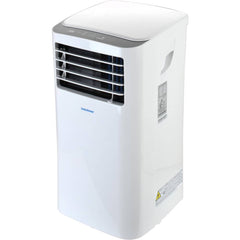 Portable Air Conditioner: 10,000 BTU, 115V, 11.5A 14″ Wide, 13.609″ Deep, 27.7031″ High, 5-15P Plug
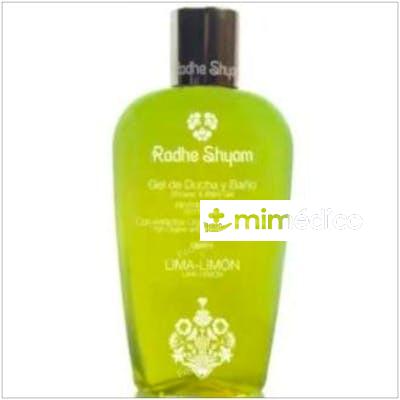 GEL DE BANO LIMA  LIMON REVITALIZANTE  250ML. RADHE SHYAM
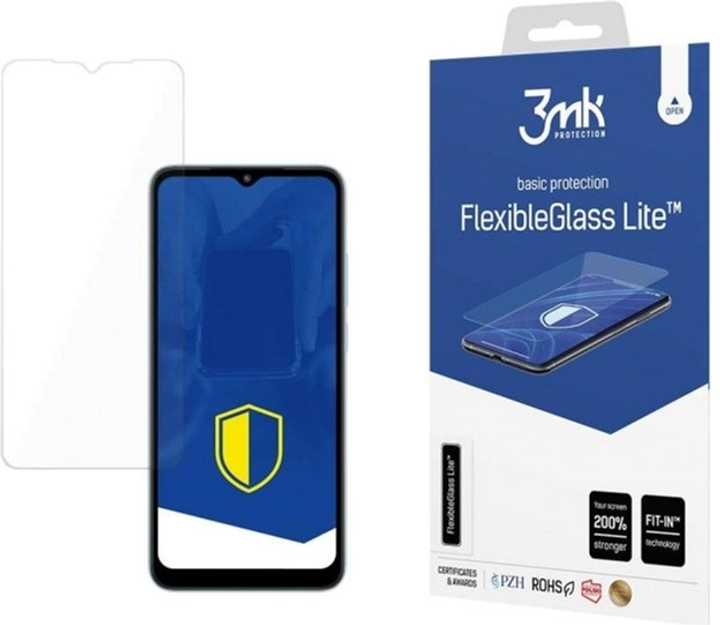 Гібридне скло 3MK FlexibleGlass Lite для Xiaomi Redmi A2/A2+ (5903108520355) - зображення 1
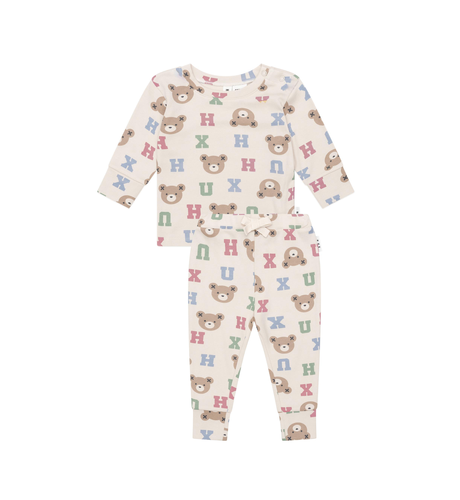 Huxbaby Hux Alphabet Sleep Set
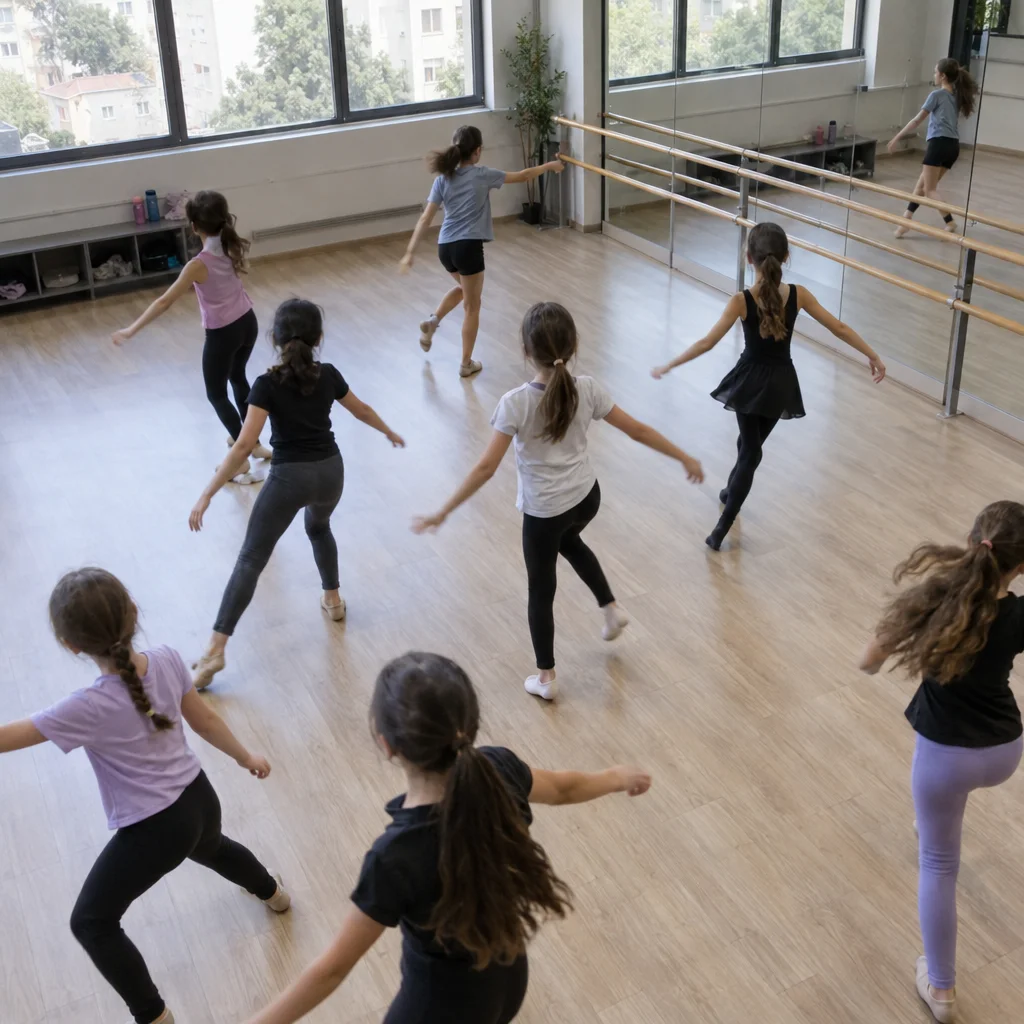 מחול יצירתי - טרום בלט 6-8 מחול יצירתי - טרום בלט 6-8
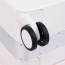 Чемодан с алюминиевой рамой Magellan VOCIERMAGP P-Basic RANGE Spinner 55 см USB VOCIERMAGPBWO White - фото №9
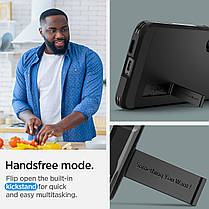 Чохол Spigen для Samsung Galaxy S24 - Tough Armor, Black (ACS07355), фото 6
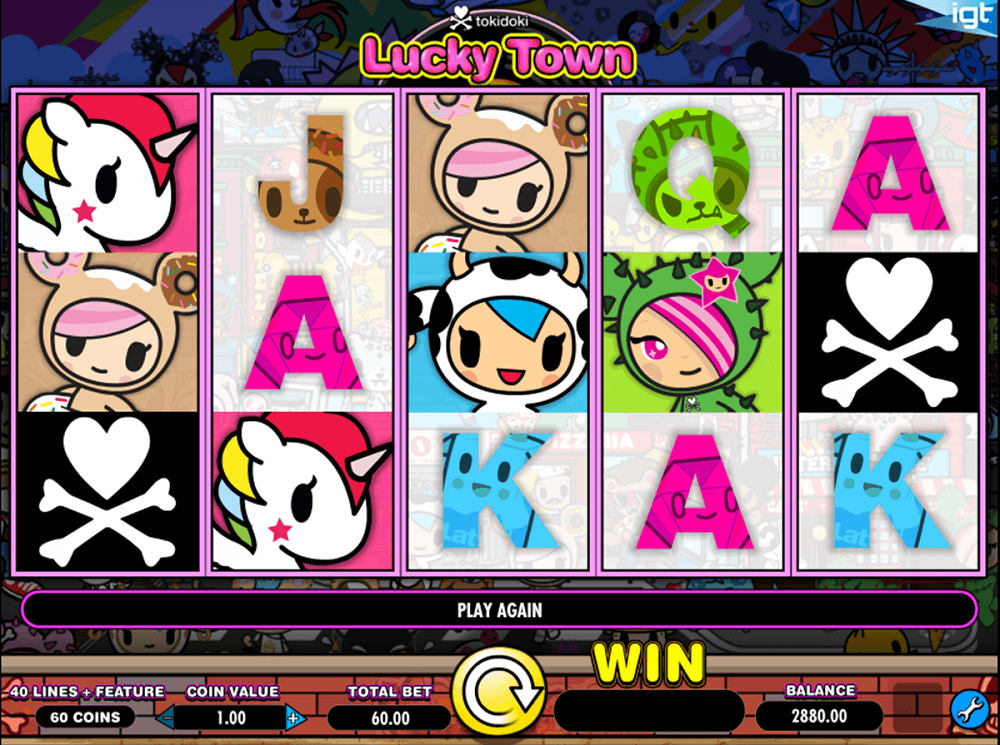 Tokidoki Lucky Town Slot Review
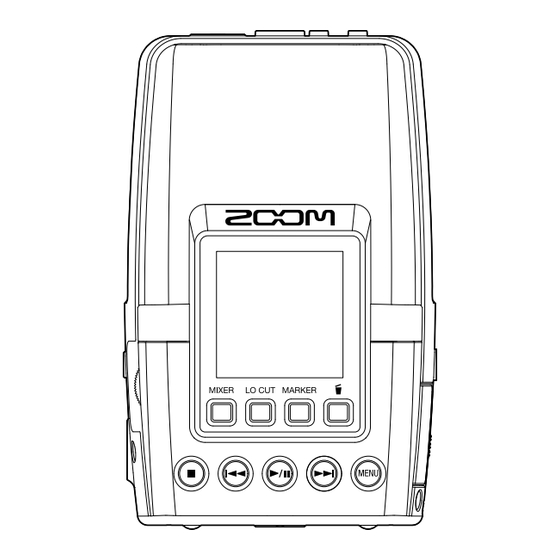 Zoom H2essential Bedienungsanleitung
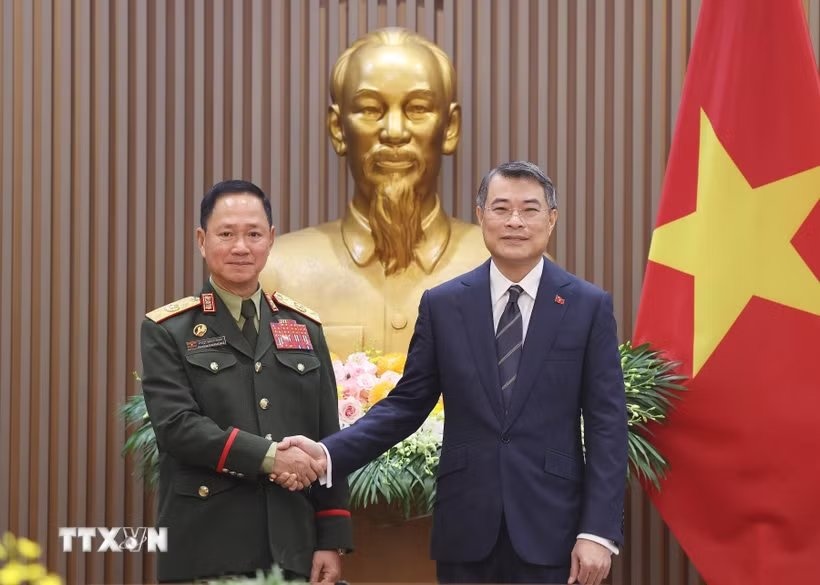 Hợp tác quốc phòng-an ninh là một trụ cột quan trọng của quan hệ Việt Nam-Lào
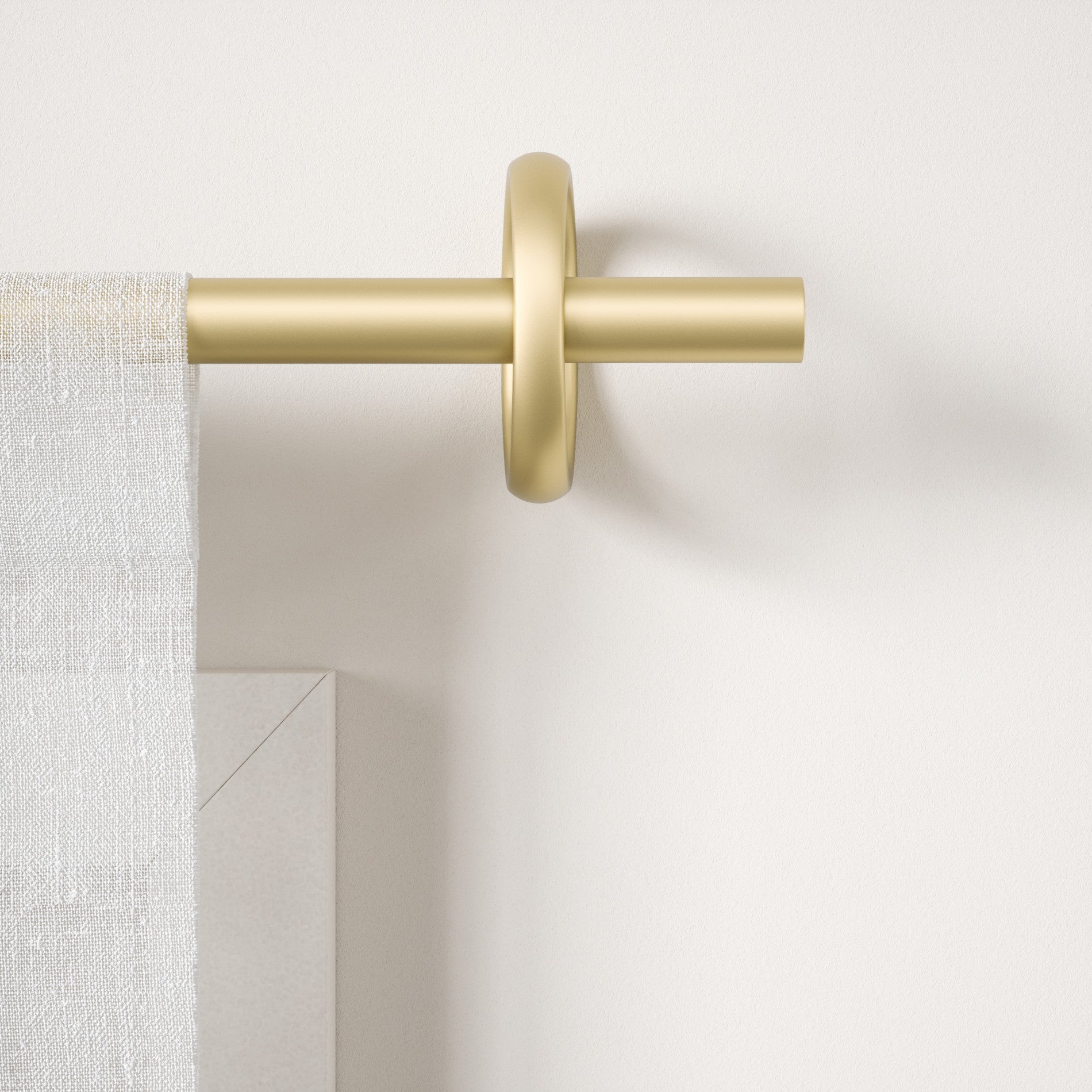Modern Ringlet Curtain Rod for Stylish Windows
──────────────────────────────
**Task directions**
Word for word, copy all the entries above, but with no pictures.

**Result below**
 Portable Air Conditioner: 10,000 BTU, 115V, 11.5A 14″ Wide, 13.609″ Deep, 27.7031″ High, 5-15P Plug
 GEL DE BANO LIMA  LIMON REVITALIZANTE  250ML. RADHE SHYAM
 Гібридне скло 3MK FlexibleGlass Lite для Xiaomi Redmi A2/A2+ (5903108520355) - зображення 1
 Huxbaby Hux Alphabet Sleep Set
 מחול יצירתי - טרום בלט 6-8 מחול יצירתי - טרום בלט 6-8
 Чемодан с алюминиевой рамой Magellan VOCIERMAGP P-Basic RANGE Spinner 55 см USB VOCIERMAGPBWO White - фото №9
 Чохол Spigen для Samsung Galaxy S24 - Tough Armor, Black (ACS07355), фото 6
 Tokidoki Lucky Town Slot Review
 Zoom H2essential Bedienungsanleitung
 Hợp tác quốc phòng-an ninh là một trụ cột quan trọng của quan hệ Việt Nam-Lào
Modern Ringlet Curtain Rod for Stylish Windows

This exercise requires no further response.